» Work request: Look for the line that has "Unhinged T-Shirt" in the material below; please repeat it and every line after it, exactly, up to and including the line that has "Bikin Bangga Indonesia, Janice", and nothing else.

Start of Block

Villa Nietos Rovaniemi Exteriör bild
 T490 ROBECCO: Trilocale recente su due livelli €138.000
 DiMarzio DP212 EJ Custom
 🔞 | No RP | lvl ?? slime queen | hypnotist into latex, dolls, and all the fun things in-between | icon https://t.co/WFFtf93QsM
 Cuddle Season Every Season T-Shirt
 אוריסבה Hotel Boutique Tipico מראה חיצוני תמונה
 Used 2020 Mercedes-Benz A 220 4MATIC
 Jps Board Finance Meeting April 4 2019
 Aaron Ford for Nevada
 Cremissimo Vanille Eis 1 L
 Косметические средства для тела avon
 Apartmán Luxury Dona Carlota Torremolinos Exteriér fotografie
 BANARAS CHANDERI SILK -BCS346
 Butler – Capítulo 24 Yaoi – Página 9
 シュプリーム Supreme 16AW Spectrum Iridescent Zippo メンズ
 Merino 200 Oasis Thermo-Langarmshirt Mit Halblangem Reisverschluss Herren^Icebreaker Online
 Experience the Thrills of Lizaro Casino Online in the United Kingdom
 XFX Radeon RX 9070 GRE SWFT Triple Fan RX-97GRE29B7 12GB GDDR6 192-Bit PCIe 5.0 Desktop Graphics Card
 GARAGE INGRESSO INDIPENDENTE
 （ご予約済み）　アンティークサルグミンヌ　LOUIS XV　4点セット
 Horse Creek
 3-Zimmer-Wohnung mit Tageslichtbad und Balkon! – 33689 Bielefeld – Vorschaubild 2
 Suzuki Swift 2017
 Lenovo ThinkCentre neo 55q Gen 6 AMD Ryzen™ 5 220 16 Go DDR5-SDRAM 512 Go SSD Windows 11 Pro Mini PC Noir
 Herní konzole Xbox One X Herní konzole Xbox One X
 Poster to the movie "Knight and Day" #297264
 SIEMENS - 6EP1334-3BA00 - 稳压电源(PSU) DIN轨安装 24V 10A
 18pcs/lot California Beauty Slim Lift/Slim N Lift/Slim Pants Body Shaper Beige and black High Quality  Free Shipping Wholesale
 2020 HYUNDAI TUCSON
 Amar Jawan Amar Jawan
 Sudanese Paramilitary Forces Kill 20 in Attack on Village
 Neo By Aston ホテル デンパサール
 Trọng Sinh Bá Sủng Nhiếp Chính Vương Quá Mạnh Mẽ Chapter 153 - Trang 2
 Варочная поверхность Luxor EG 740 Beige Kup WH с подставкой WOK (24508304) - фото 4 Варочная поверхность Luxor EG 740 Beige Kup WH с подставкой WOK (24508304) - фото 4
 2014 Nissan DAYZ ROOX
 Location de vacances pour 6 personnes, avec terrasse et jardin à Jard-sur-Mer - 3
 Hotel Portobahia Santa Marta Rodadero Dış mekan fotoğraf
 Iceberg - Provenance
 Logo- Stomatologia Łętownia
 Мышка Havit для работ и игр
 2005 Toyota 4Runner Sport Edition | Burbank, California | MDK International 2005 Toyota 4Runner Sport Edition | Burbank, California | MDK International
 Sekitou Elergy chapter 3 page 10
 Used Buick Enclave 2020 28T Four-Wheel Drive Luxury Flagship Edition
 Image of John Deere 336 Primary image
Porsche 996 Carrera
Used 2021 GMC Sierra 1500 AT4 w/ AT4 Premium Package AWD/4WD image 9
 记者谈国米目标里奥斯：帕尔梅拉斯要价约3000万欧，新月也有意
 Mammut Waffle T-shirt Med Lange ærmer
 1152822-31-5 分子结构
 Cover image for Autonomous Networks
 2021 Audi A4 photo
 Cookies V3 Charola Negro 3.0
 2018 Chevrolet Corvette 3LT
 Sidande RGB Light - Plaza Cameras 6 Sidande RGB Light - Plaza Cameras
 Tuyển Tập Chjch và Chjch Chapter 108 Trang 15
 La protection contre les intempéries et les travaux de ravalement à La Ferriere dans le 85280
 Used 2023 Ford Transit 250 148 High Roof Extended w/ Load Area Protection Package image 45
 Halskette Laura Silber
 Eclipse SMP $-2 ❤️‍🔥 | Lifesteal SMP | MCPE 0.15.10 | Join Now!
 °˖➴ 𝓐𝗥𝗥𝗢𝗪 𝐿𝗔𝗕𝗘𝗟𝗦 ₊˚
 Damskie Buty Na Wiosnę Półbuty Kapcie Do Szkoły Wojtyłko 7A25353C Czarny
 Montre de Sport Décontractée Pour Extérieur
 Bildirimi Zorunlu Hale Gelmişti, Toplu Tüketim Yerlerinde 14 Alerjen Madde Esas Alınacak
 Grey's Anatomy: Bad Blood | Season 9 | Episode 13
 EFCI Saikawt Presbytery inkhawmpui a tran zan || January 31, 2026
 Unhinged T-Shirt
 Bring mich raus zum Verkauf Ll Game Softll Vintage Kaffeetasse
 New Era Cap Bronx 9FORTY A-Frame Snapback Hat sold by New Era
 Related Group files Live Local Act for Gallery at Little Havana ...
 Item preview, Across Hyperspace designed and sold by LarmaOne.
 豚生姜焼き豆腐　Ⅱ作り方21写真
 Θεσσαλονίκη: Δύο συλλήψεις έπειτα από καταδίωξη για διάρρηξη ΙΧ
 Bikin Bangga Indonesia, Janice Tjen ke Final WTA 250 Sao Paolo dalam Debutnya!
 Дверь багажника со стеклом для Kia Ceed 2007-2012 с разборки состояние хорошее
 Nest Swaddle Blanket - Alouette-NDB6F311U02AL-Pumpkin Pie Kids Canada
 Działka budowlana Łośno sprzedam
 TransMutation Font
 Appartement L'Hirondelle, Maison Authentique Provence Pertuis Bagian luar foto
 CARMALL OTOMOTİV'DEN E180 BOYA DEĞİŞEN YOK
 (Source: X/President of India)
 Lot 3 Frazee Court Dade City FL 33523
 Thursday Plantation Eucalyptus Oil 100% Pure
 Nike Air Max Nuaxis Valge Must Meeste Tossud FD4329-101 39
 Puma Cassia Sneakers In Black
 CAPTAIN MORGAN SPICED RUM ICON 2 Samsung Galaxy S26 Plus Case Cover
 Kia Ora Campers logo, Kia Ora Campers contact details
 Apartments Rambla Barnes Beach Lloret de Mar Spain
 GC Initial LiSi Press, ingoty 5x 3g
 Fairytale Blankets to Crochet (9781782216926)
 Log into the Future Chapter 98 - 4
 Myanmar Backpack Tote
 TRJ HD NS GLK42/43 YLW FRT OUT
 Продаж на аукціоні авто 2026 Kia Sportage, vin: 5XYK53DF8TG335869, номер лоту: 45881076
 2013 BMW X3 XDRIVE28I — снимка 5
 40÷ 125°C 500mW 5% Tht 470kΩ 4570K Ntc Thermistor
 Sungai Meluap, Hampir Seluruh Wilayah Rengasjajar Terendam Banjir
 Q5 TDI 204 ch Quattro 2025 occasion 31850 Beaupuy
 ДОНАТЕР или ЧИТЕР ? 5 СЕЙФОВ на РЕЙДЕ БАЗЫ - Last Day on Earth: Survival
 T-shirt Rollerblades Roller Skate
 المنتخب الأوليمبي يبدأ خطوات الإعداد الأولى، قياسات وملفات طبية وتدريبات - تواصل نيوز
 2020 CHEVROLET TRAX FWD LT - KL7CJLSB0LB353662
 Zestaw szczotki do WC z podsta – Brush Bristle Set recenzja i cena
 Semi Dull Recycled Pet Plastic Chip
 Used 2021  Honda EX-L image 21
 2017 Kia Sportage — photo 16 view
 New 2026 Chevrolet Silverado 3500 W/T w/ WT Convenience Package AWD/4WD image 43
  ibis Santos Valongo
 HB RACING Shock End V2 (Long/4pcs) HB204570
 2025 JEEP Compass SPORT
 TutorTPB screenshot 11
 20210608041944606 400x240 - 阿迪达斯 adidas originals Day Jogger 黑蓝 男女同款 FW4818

End of Block

» Response area:
 Unhinged T-Shirt
 Bring mich raus zum Verkauf Ll Game Softll Vintage Kaffeetasse
 New Era Cap Bronx 9FORTY A-Frame Snapback Hat sold by New Era
 Related Group files Live Local Act for Gallery at Little Havana ...
 Item preview, Across Hyperspace designed and sold by LarmaOne.
 豚生姜焼き豆腐　Ⅱ作り方21写真
 Θεσσαλονίκη: Δύο συλλήψεις έπειτα από καταδίωξη για διάρρηξη ΙΧ
 Bikin Bangga Indonesia, Janice Tjen ke Final WTA 250 Sao Paolo dalam Debutnya!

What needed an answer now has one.